Information shown:
========================

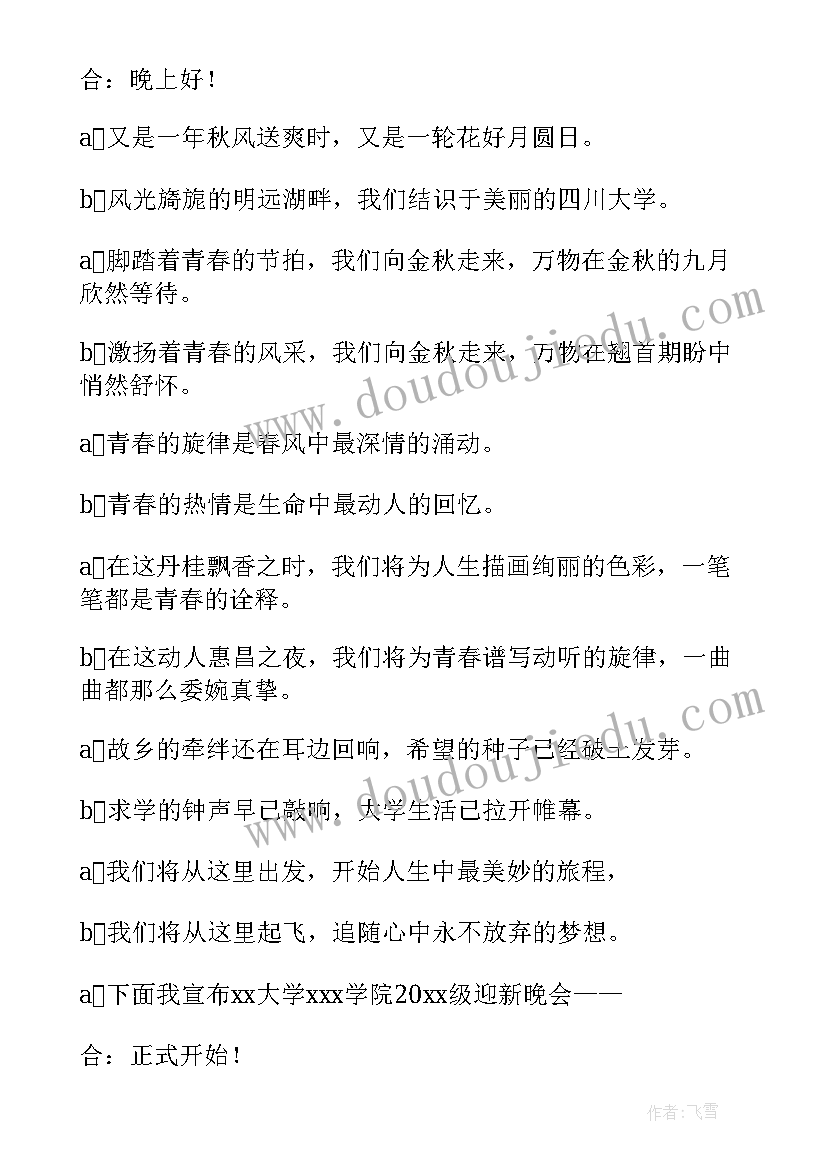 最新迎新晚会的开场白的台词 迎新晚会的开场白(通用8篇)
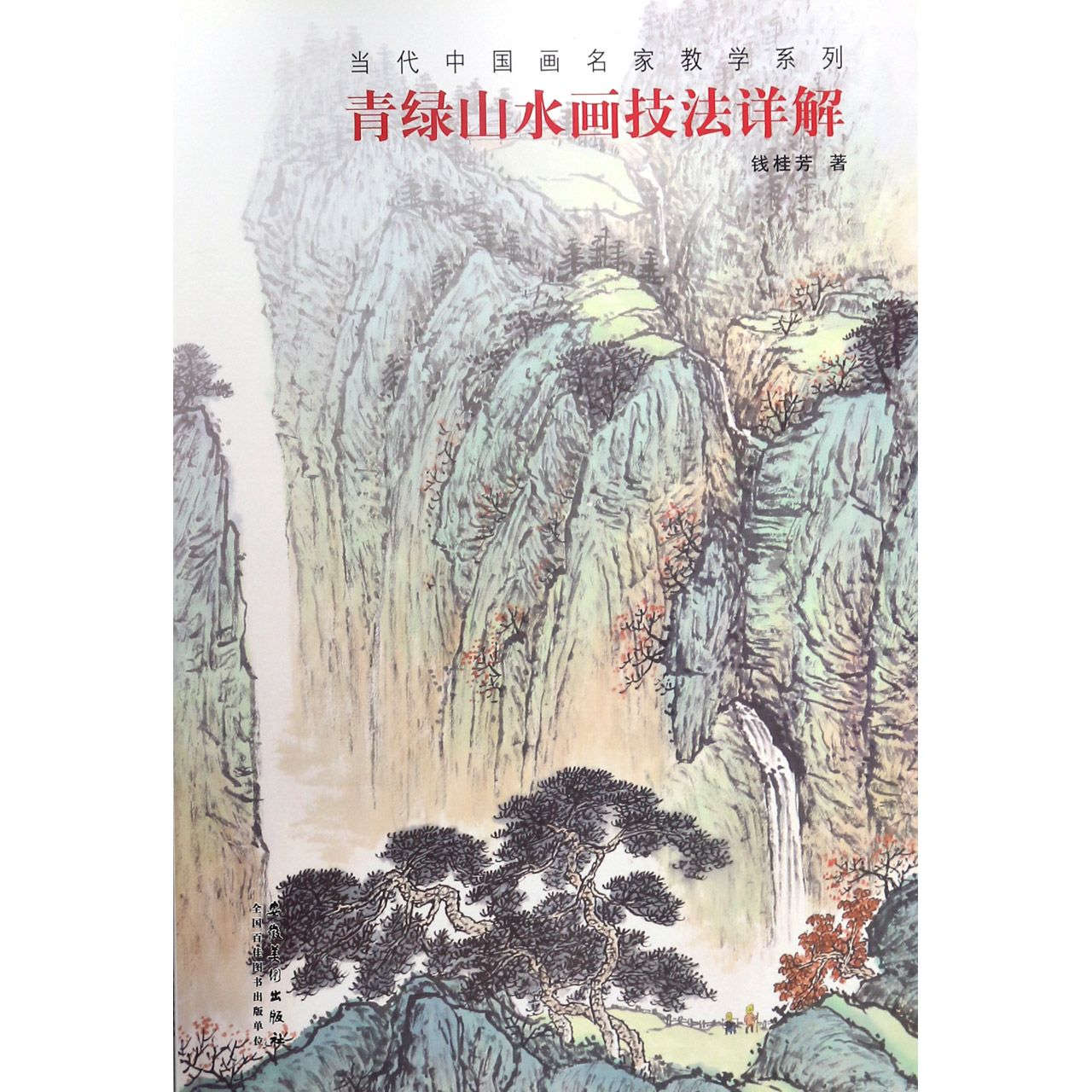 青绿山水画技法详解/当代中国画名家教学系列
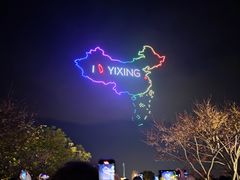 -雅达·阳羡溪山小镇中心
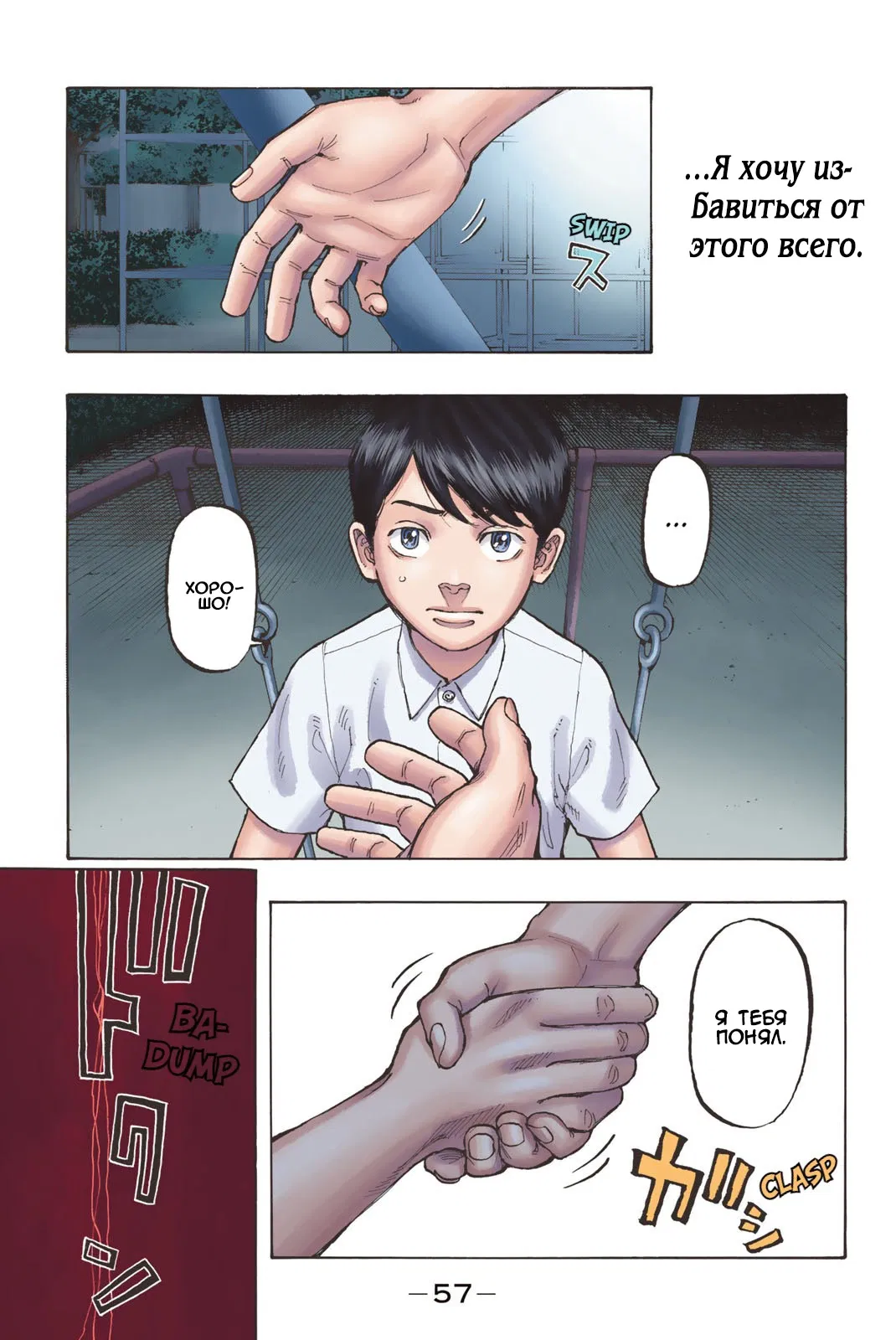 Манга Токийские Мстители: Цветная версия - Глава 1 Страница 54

========================

The task: Copy exactly what appears from the line holding "青绿山水画技法详解/当代中国画名家教学系列" to the end of the material, keeping both end lines. Pictures are not part of the copy.

Result below:
 青绿山水画技法详解/当代中国画名家教学系列
 -雅达·阳羡溪山小镇中心
 Манга Токийские Мстители: Цветная версия - Глава 1 Страница 54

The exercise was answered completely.